**PROBLEM REQUIREMENTS:** I would like the lines below, from the one with "a kitchen with" through the one with "man and women", copied exactly and without any pictures.

□ □ □ □ □

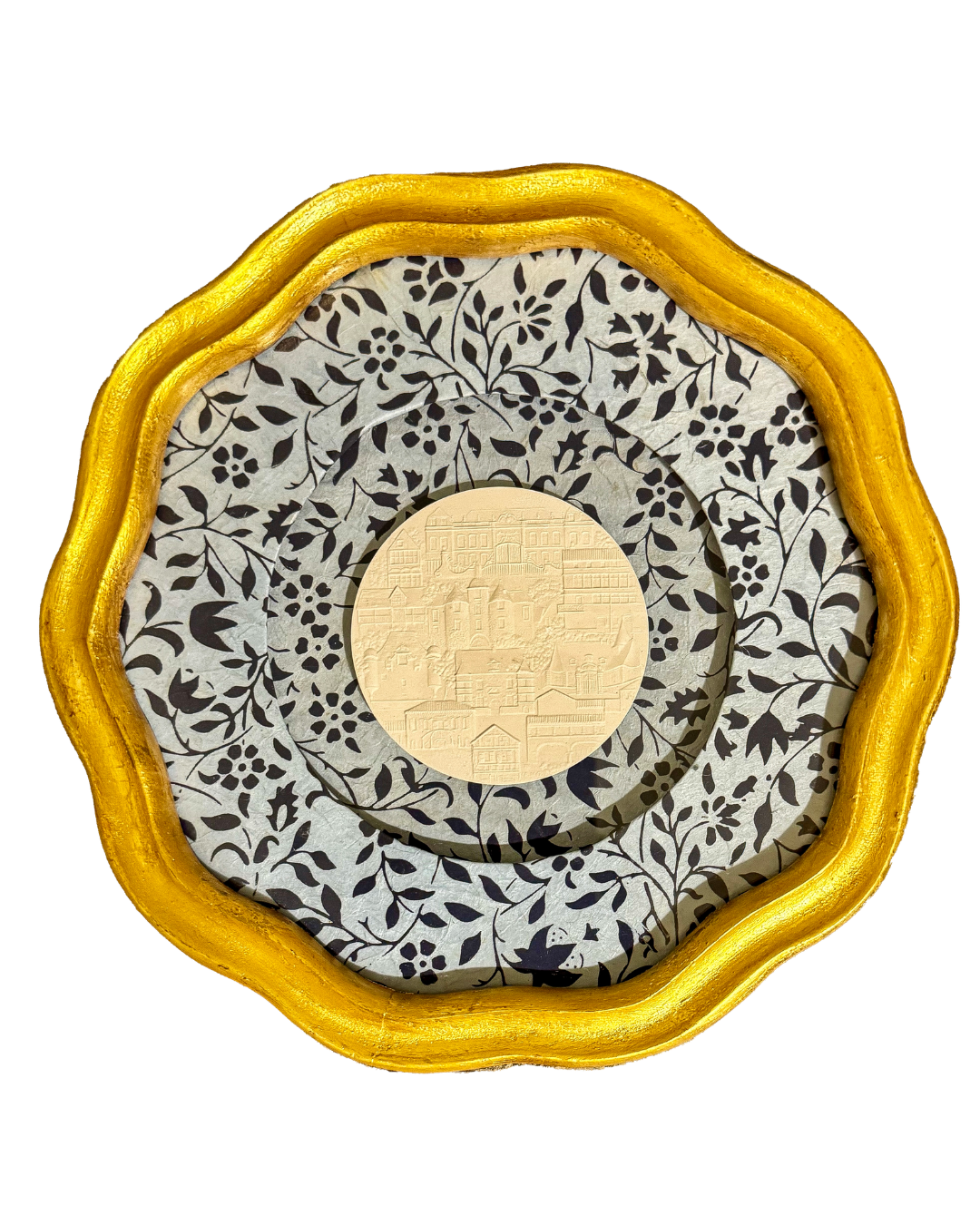 Decorative tray with a gold-colored, wavy edge, patterned black and white floral paper lining, and a centered gold medallion with embossed cityscape design.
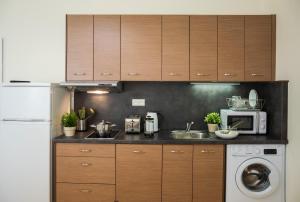 a kitchen with wooden cabinets and a washer and dryer at Modern Apartment Zlatnicka 8 in Prague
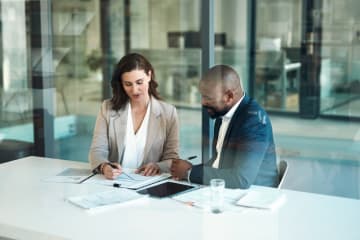 man and women sitting in office going over paperwork and finances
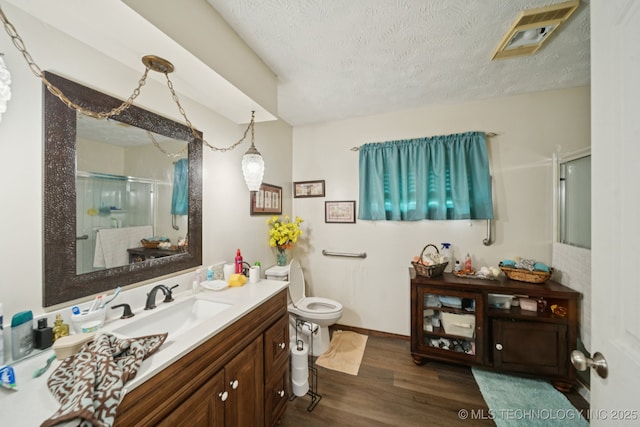 1222 N Cherrington Ave, Claremore, OK 74017 - bathroom featuring vanity, a shower stall, wood finished floors, and a textured ceiling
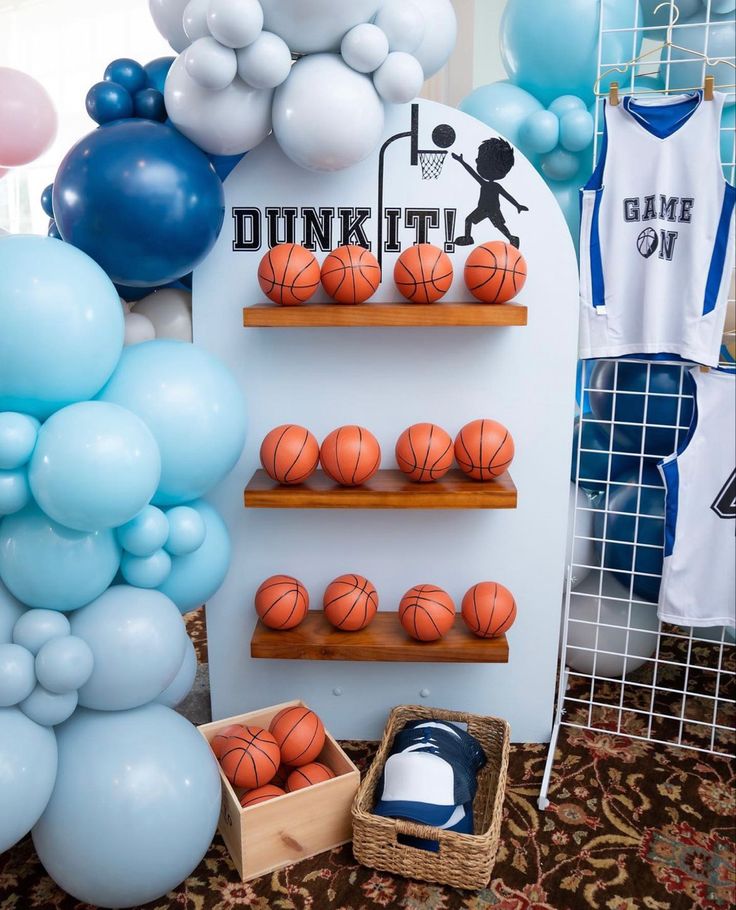 balloons and basketballs are displayed on shelves at a dunkin'donuts birthday party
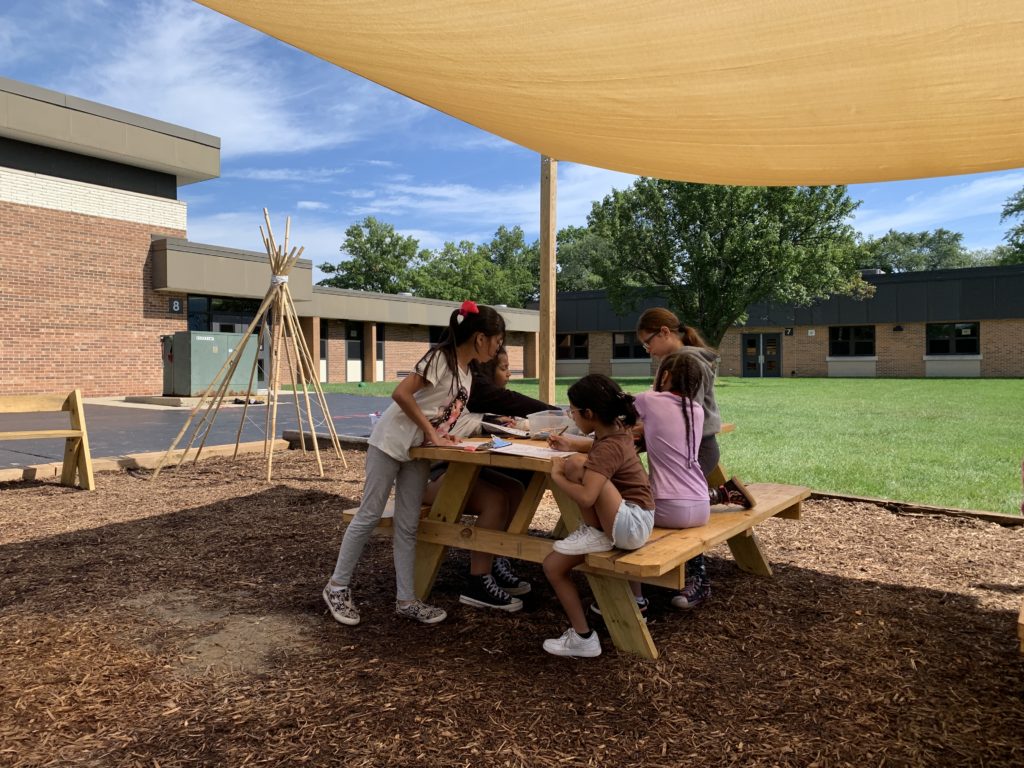 Kids sitting at a picnic table outside under a covering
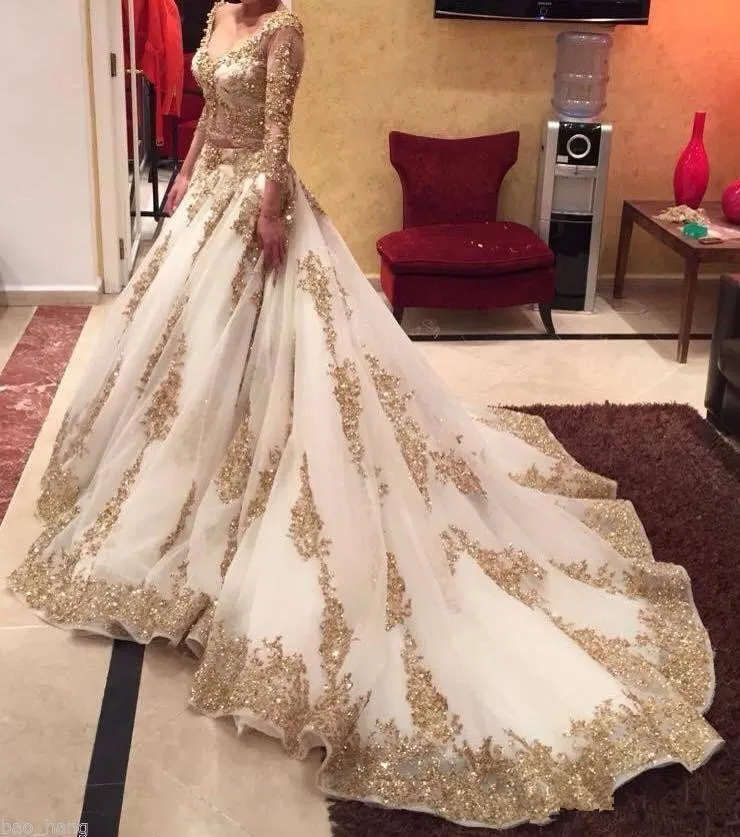 Vestidos de noche de dos piezas de estilo saudita mangas largas vestidos de noche de ilusión sexy apliques de abalorios de oro vestidos de novia 2016
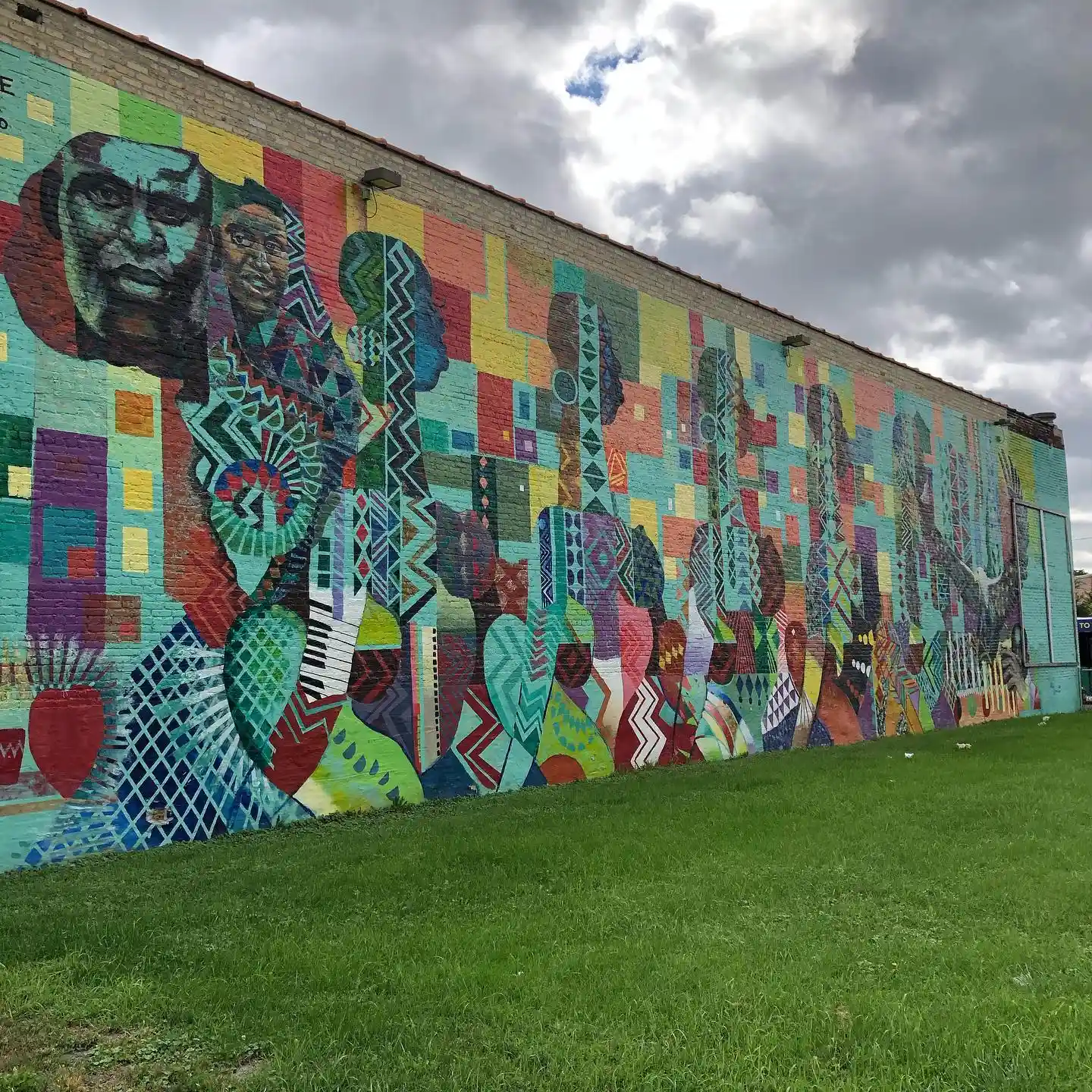 A mural that showcases different African faces and tribal design styles at the Wisconsin Black History museum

□ □ □ □ □

**TASK RESPONSE:**
 a kitchen with wooden cabinets and a washer and dryer at Modern Apartment Zlatnicka 8 in Prague
 man and women sitting in office going over paperwork and finances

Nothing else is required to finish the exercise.